[What you should do] Everything in the data gets repeated exactly, except for the pictures.

[Material provided]
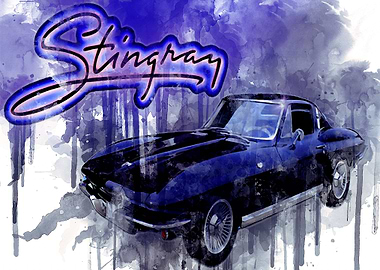 Stingray76251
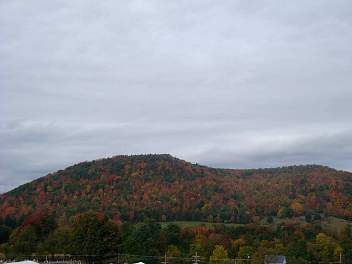 DSC08512.jpg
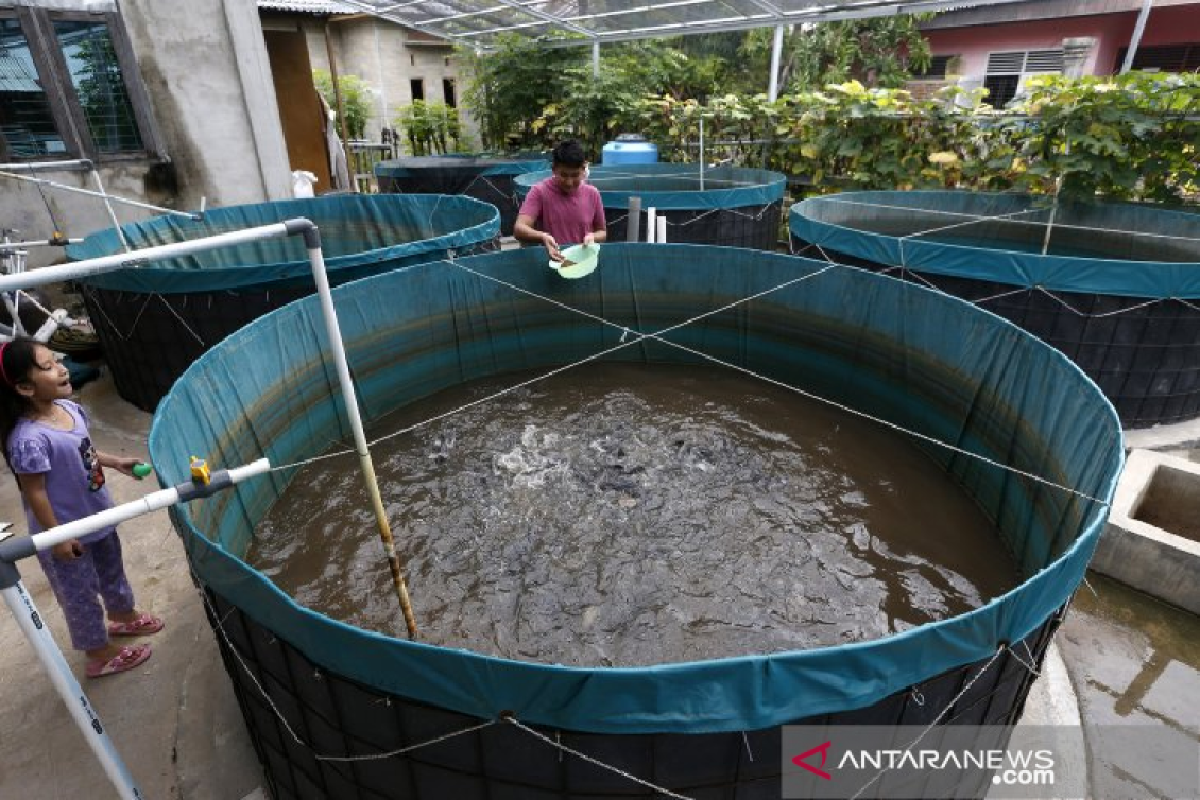 Pemkab Aceh Selatan jadikan budi daya bioflok program unggulan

[Exercise result]
 Stingray76251
 DSC08512.jpg
 Pemkab Aceh Selatan jadikan budi daya bioflok program unggulan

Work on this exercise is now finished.